Tragedy and the Ghost Dance’s demise

Written by George Ellison

(Editor’s note: This is the second of a two-part series regarding the Cherokee Ghost Dance.)

http://www.smokymountainnews.com/news/item/3275-tragedy-and-the-ghost-dance%E2%80%99s-demise

A recent column focused on a so-called Ghost Dance movement that took place among the Cherokees in 1811-13. That, of course, was almost 80 years before the infamous era in the American West that culminated in the Indian massacre at Wounded Knee in 1890. The western Indians initially believed the dance would unite them with friends and relatives in the ghost world. As the movement spread from tribe to tribe, however, the dancers began to imagine that the dance would make them invincible.

The unity and fervor that the Ghost Dance movement inspired, however, only brought fear and hysteria to white settlers and contributed to the events ending in the massacre at Wounded Knee in 1890. When the smoke cleared and the gunfire ceased, more than 300 Sioux, some wearing ghost shirts, lay dead.

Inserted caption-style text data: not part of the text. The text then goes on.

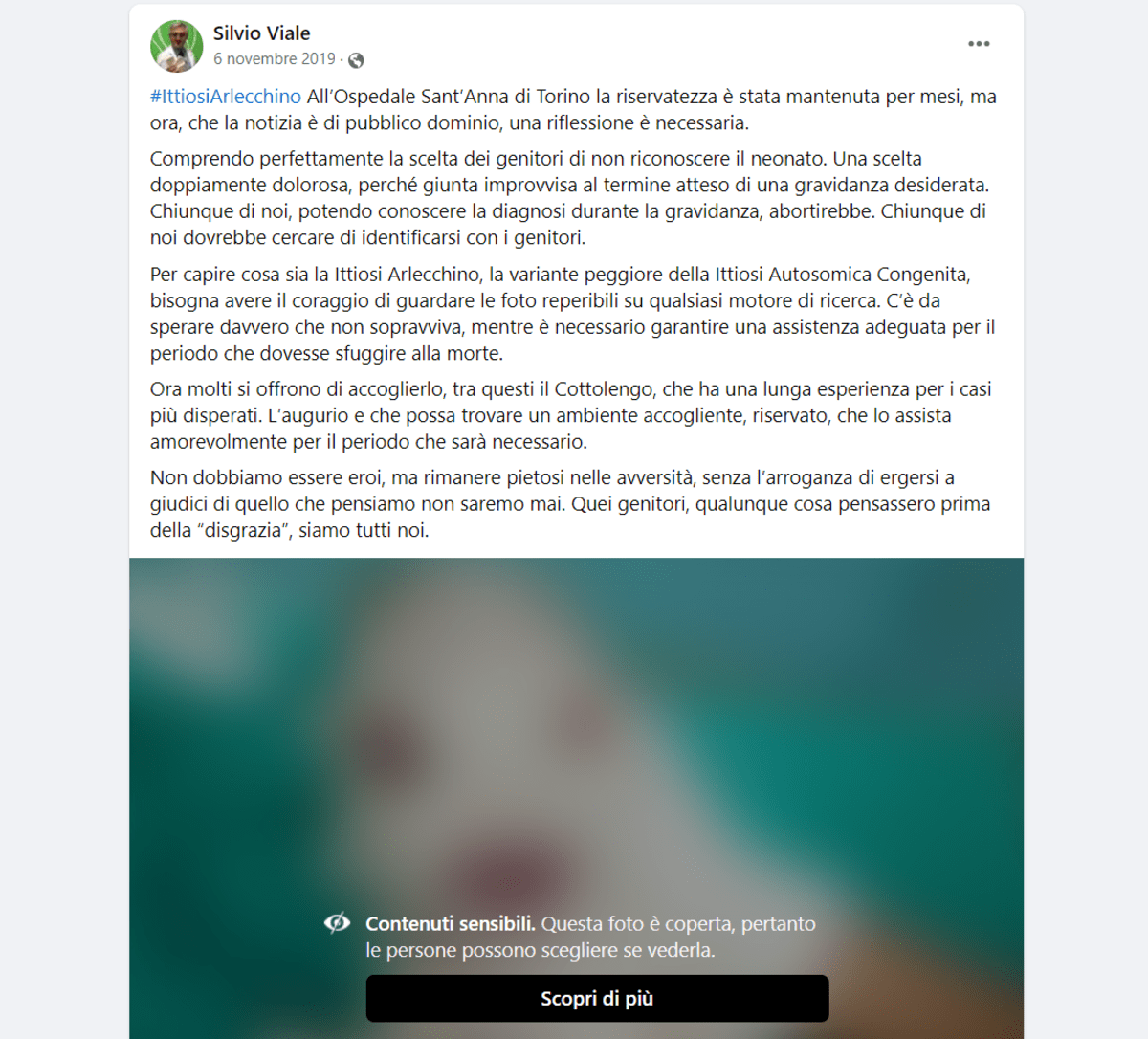 Silvio Viale è ginecologo dell’ospedale Sant’Anna di Torino, lo stesso ospedale dove si trovava Giovannino, il bimbo affetto da Ittiosi di Arlecchino, abbandonato dalla madre e dal padre dopo la nascita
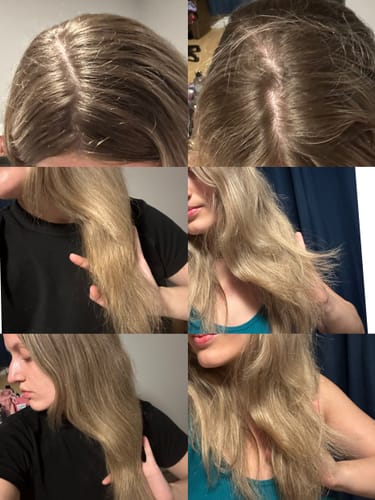 Customer photo review of Pre-Wash Fortifying Rosemary Oil for Scalp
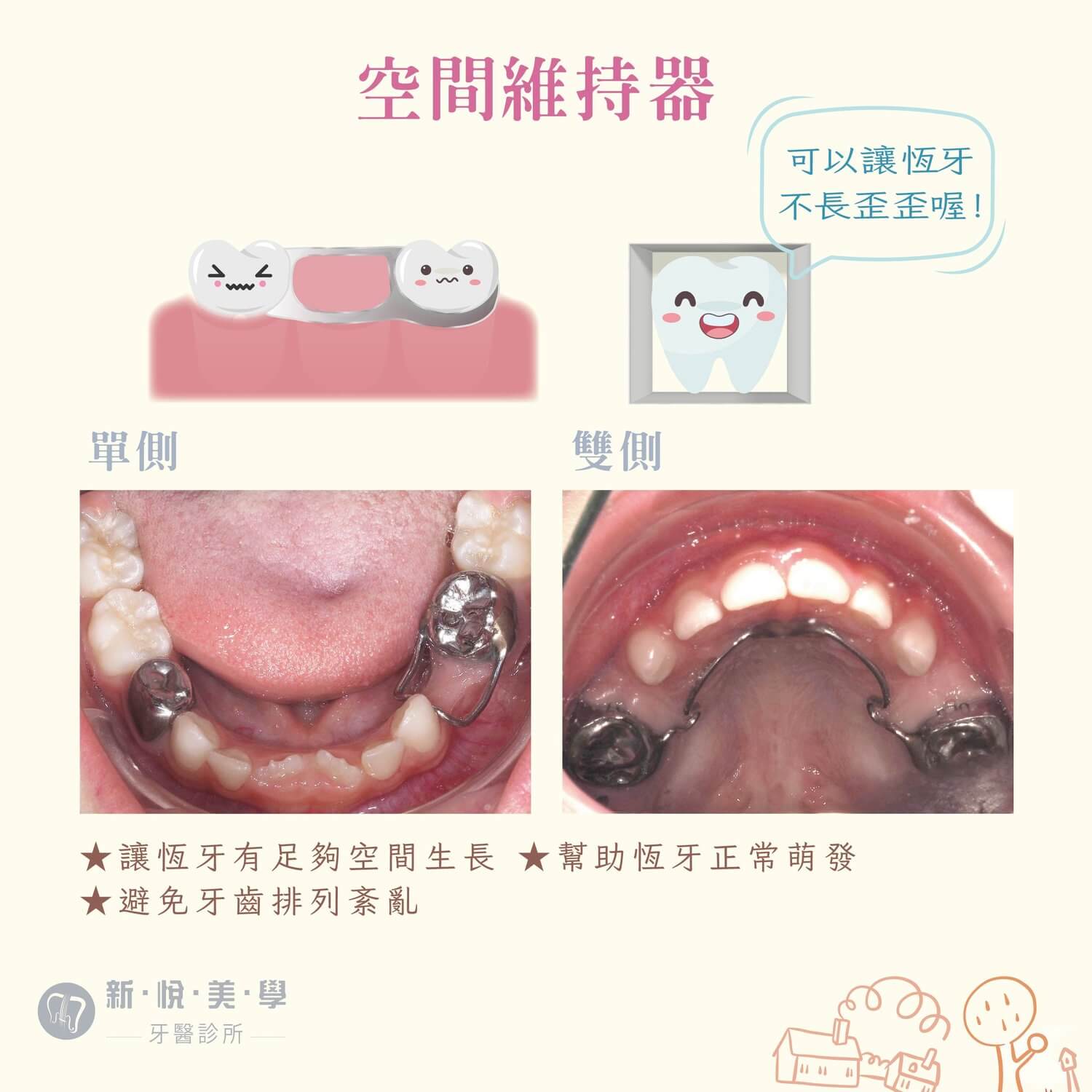 我們家寶貝有蛀牙怎麼辦?的第4張圖片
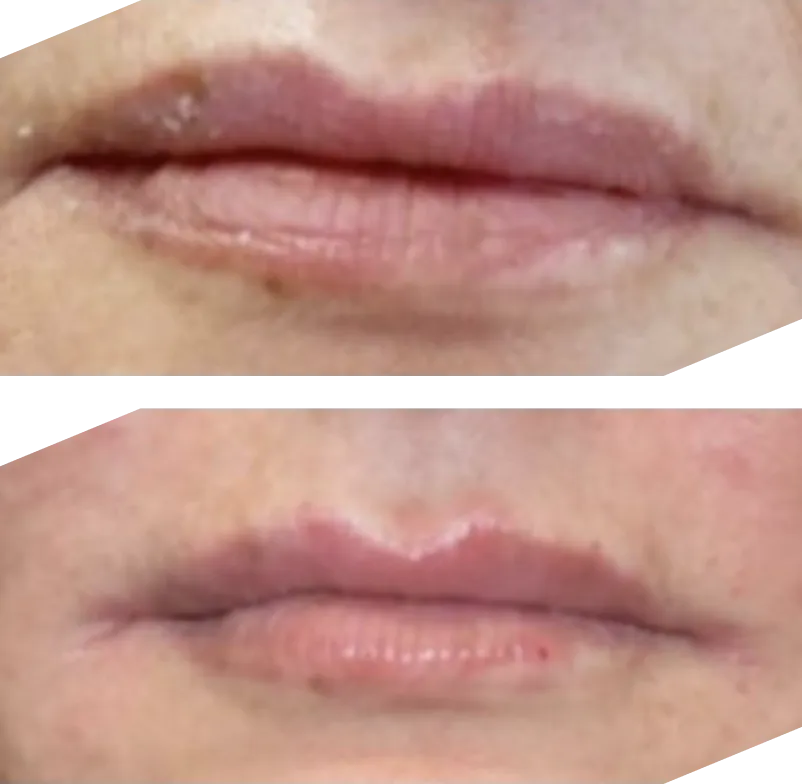 Real patient results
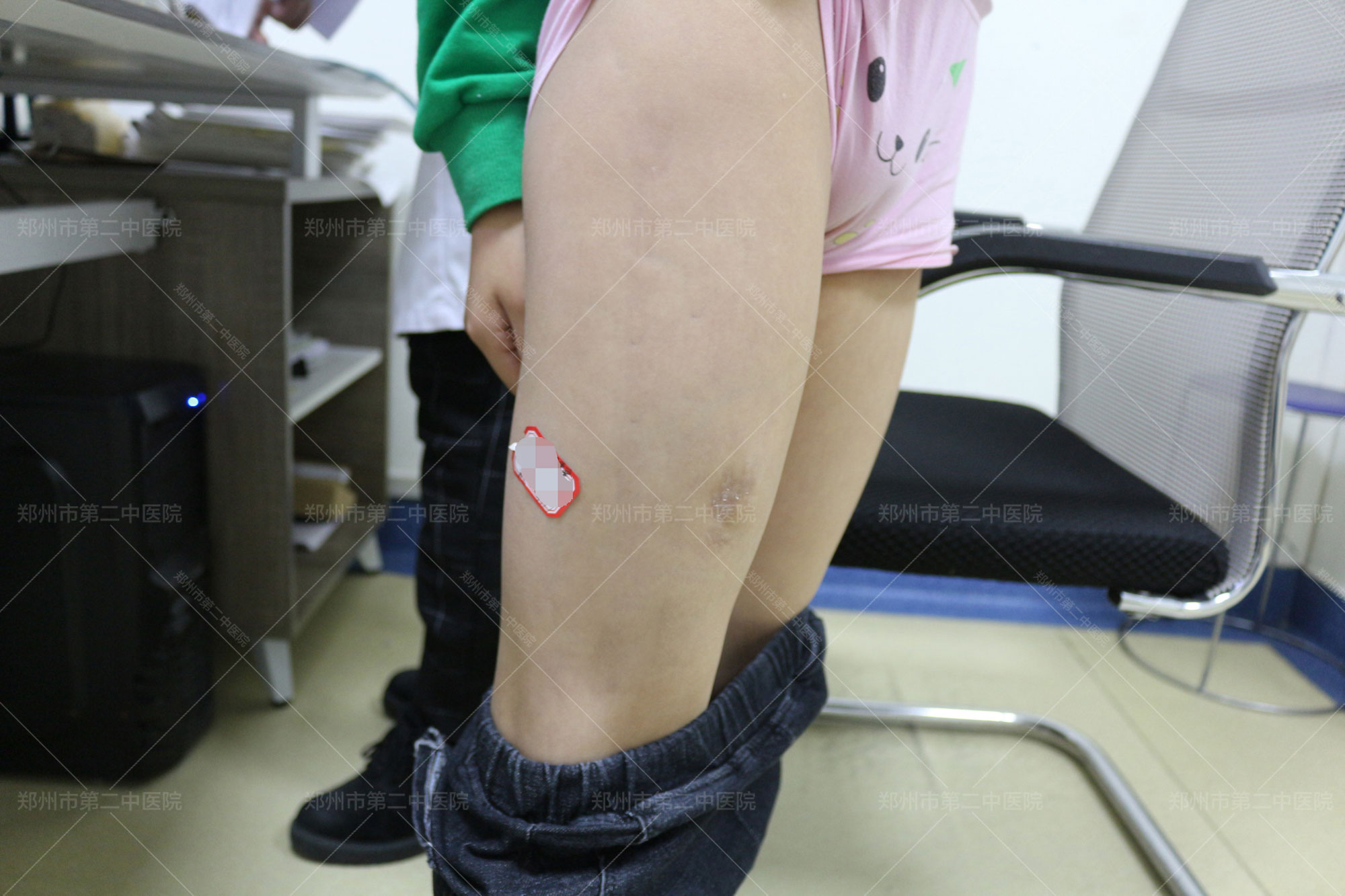 郑州哪个医院擅长治疤痕,郑州第二中医院怎么祛疤痕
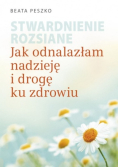 Stwardnienie rozsiane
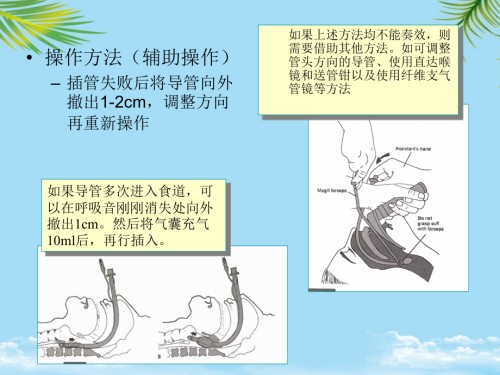 气道的建立与管理.ppt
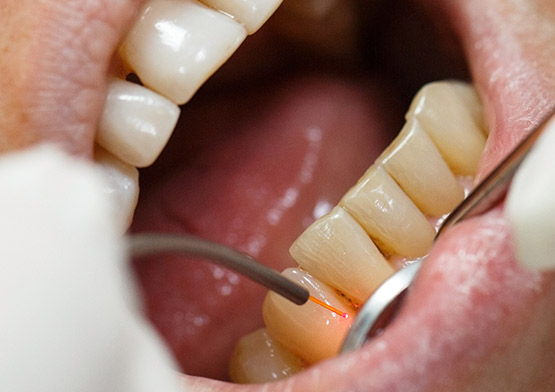 About Gum Disease Midtown Manhattan, NY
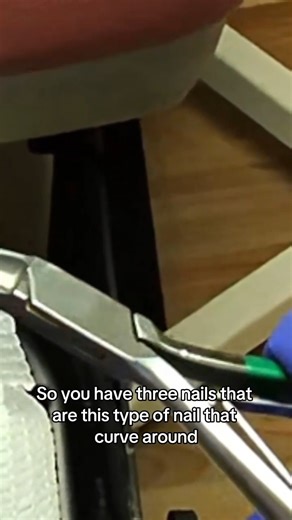 Dr Nail Nipper on Instagram: "Why Your Toenails Keep Pinching Your Skin (Curved Nail Explained) If your toenails curve inward and pinch the skin, you’re not alone 👣💙 These are called pincer (pincher) nails — a genetic nail shape that often worsens with age and can lead to pain or ingrown toenails. Watch how careful trimming protects sensitive skin and improves comfort! pincer nails, pincher toenails, curved toenails, toenail pain, ingrown toenails, sensitive feet, toenail trimming, foot care,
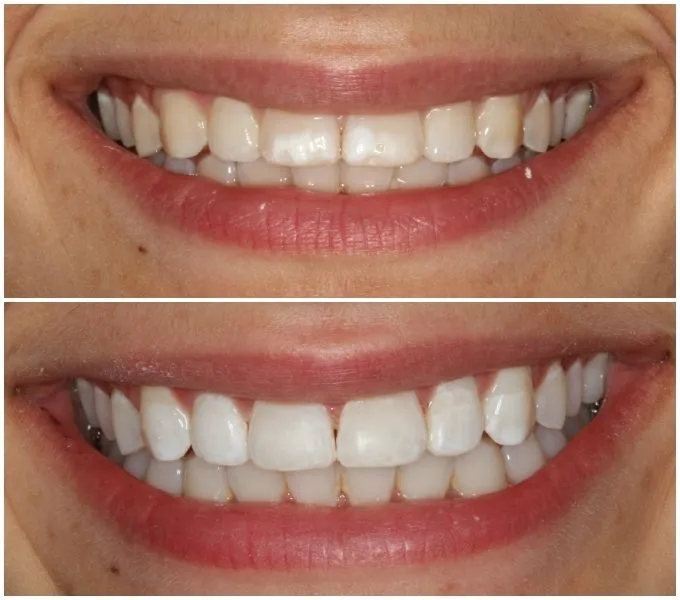 31772 teeth whitening columbia md image5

In the previous column I relied upon an essay titled “The Cherokee Ghost Dance Movement of 1811-1813” by William G. McLoughlin in the book The Cherokee Ghost Dance: Essays on the Southeastern Indians, 1789-1861 (Mercer University Press, 1984). McLoughlin’s essay is presented as an overview of the extant 19th century accounts of the movement. He treated the various episodes as part of an interrelated related “Ghost Dance” movement:

“In the troubled years 1811-1812 … a prophet named Charlie [i.e., Tsali, but not the individual involved in the Removal events of 1838] appeared among the Cherokee and described a dream or vision in which the Great Spirit … said he was angry with the Cherokees because they had departed from the customs and religious practices of their ancestors and were adopting the ways of the white man … Though Charlie met some opposition, he found many ready to accept his revelations, and he went on to say that it had been revealed to him that on a specific date, three months hence, a terrific wind and hailstorm would take place that would annihilate al the white men, all the cattle, and all the works of the white man … After the storm, these true believers would be able to return to their towns where they would find all of the deer, elk, buffalo, and the other game that had disappeared. Then they would live again as their ancestors did in the golden era before the white man came.”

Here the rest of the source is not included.